Today we planted 5 rows at 1 metre centres with 30 cm between plants so 400 plants in total have gone into the trial. This trial will give us a fair indication of the value and return from Sweet potato growing in greenhouse conditions in Ireland. The purpose of this further trial is to asses the viability of this crop commercially and promote this wonderful healthy vegetable as an alternative commercial crop for organic and amateur gardeners. This crop will be grown using organic methods therefore no fungicides, insecticides or herbicides will be used in the production. The trial will continue until September / October 2010 at which point we hope to harvest a wonderful crop of sweet potato. In addition to my last blog piece please see here information on our trial in 2009 http://fitzgeraldnurseries.blogspot.com/2009/10/sweet-success.html
During the planting I overheard a student in the greenhouse next door say something about the first time he came into the greenhouse. This sparked my memory back to when I came into the greenhouse as a student at Kildalton. I suddenly realized to my shock, it had been almost exactly 30 years since I first set foot in this greenhouse. Michael Minihan RIP and Michael Conlon RIP were part of the lecurer team there at the time, both wonderful guys but both sadly passed away before their time. The glasshouse where so many hundreds of students have learned their first lessons in Horticulture took on a slightly different meaning bringing memories and echos of past afternoons into the mix of humans and plants. Myself and Dermot "perspried" in the heat of the greenhouse on a wonderful May day. I couldnt help remebering 30 yr old trickling beads of sweat on Michael Minihans red complexion as he tried to explain some salient Chrysanthemum growing tip. During that period in the early eighties it seems to me there was more experimentation hope and expectation from horticulture even though the economy was even worse than it is today. Hopefully the powers that fund Horticulture in Ireland can take a step back and ask should we have drifted away. Maybe we can go some way back to those times and invest more in the real skills of Horticulture and plant science which have serious economic and social values that may have been forgottten for a while. I do believe we have lost some of our hunger and drive from those times and we need to direct resources back towards skills like Horticulture before it becomes more difficult to do so.

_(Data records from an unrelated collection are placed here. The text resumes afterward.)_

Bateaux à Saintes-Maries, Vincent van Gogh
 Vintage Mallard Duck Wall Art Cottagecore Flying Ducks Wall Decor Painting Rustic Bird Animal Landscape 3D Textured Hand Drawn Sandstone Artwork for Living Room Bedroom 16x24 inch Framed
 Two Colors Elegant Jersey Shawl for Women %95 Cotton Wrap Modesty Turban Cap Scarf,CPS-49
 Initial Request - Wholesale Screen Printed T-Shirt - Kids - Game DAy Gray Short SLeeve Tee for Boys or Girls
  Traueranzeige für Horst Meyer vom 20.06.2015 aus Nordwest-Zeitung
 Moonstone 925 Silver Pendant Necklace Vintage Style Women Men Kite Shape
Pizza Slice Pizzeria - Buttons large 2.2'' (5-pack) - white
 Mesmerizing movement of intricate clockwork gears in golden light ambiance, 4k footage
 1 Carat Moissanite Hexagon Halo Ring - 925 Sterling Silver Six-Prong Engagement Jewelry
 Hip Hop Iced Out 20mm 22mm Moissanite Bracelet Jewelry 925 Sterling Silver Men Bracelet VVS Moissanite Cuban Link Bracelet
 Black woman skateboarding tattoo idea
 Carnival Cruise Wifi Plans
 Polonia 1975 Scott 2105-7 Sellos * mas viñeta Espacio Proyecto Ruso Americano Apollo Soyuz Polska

Finally back to the sweet potato. Just as myself and Dermot had finished planting the very last cutting Mr Jim Mahoney Head of Horticulture with Teagasc dropped in. Jim on left with Mr Brian Lyons Glasshouse section Manager at Kildalton as you can imagine was dissapointed having missed helping with the planting. We however were delighted to assure Jim that we will not forget him when the spuds need to be harvested in the Autumn. We expect to have plenty of help on hand for that occasion when the proof of the pudding will be in the eating!